Ya lo he comentado en Sindrogámico. No consiguen captar el interés en una película que ya se sabe cuál va a ser el final

Un saludo

manuel-tuccitano dijo...

las peliculas con tintes vengaivos...no son buenas para mentes poco formadas o deformadas...luego vienen los atisbos de xenofobia...un saludo

nán dijo...

Bueno, pues empezaré por sacar Camino a Guantánamo y por ni ver esta. Y de paso, le diré al joven L que todavía anda por casa (parece que es cuestión de semanas, la huida) que lea esto antes de verla, porque le he oído hablar bastante bien de este director.

Rfa. dijo...

á. matía: Ignorante de mi, me planté en el cine sin saber cómo acababa la historia real. Y eso, claro, jugó a mi favor porque estuve enganchado hasta el final. Aun así, creo que Winterbottom se equivoca al basar el interés de su historia en el desenlace de la misma. Habría sido mucho más atractivo, por ejemplo, empezar desde el final y construir un relato con menos intriga, pero más originalidad.
manuel-tuccitano: Hay que reconocer que Winterbottom ha llevado a la pantalla retratos muy vívidos de diferentes ciudades por el planeta, y que ver algunas de sus películas es casi como viajar. Pero, a pesar de esto, es inevitable sentir que su cámara siempre mira con un cierto desconcierto occidental, como si lo único que le llamase la atención de los lugares que filma fuese el lado más exótico.
Nán: ¿Ya no te acuerdas de que nosotros nos conocimos gracias a Winterbottom? Por mucho que esta película le haya salido rana, sigue siendo un director fundamental. Algún día le rendiré un homenaje aquí, en mitte.

Hatt dijo...

A mi es que un argumento con ese punto de partida ya me echa directamente hacia atrás. Pero bueno, opiniones tiene que haber para todos los gustos.

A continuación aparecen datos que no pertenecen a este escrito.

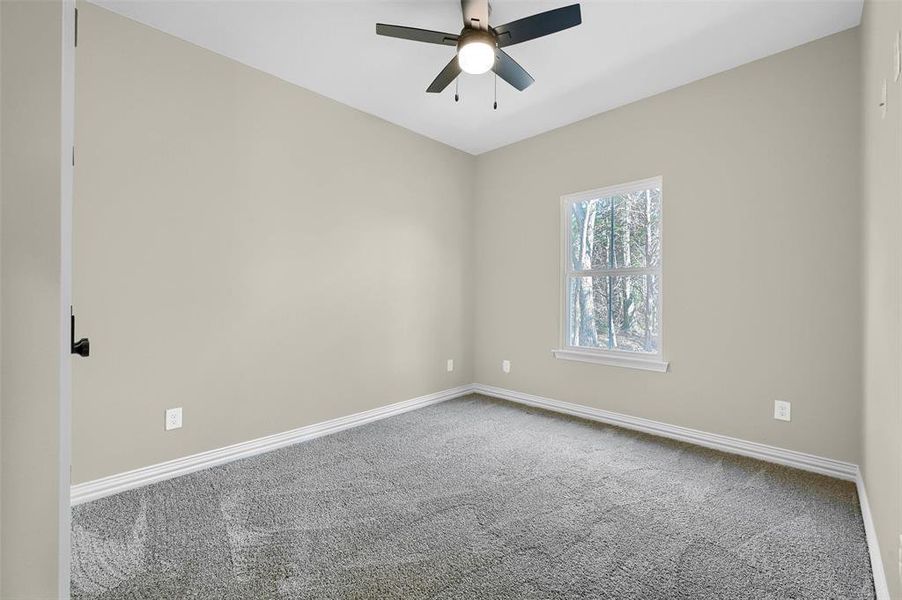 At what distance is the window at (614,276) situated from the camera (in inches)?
129

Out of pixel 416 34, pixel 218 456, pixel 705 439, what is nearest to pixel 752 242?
pixel 705 439

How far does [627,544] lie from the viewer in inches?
70.6

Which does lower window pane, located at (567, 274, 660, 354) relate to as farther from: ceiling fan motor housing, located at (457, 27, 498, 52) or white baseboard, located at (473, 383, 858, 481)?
ceiling fan motor housing, located at (457, 27, 498, 52)

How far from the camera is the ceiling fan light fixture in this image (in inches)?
81.5

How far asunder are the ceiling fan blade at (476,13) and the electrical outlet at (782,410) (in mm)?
2833

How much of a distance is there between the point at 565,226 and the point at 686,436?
1.96 m

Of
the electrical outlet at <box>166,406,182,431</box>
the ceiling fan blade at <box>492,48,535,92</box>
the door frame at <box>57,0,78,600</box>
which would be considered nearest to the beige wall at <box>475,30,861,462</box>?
the ceiling fan blade at <box>492,48,535,92</box>

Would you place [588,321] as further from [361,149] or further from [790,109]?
[361,149]

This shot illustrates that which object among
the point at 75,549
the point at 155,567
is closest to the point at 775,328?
the point at 155,567

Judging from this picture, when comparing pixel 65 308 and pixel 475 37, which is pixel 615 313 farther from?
pixel 65 308

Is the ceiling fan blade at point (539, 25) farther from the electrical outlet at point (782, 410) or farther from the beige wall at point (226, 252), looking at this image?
the electrical outlet at point (782, 410)

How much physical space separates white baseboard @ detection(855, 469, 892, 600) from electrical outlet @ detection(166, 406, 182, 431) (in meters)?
3.28

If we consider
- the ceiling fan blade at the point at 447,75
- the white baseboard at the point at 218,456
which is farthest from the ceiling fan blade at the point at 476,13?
the white baseboard at the point at 218,456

Por cierto Rfa. ya que te gustan las listas, por qué no haces la tuya de tus 25 películas favoritas...

Un saludo (y nos leemos).

nán dijo...

Claro que me acuerdo. Incluso era el camino por el que llegaba a vosotros, desde el blog colectivo que ni usamos en el que puse las fotos de la peli Tristram Shandy, y debajo el enlace a Sindrogámico.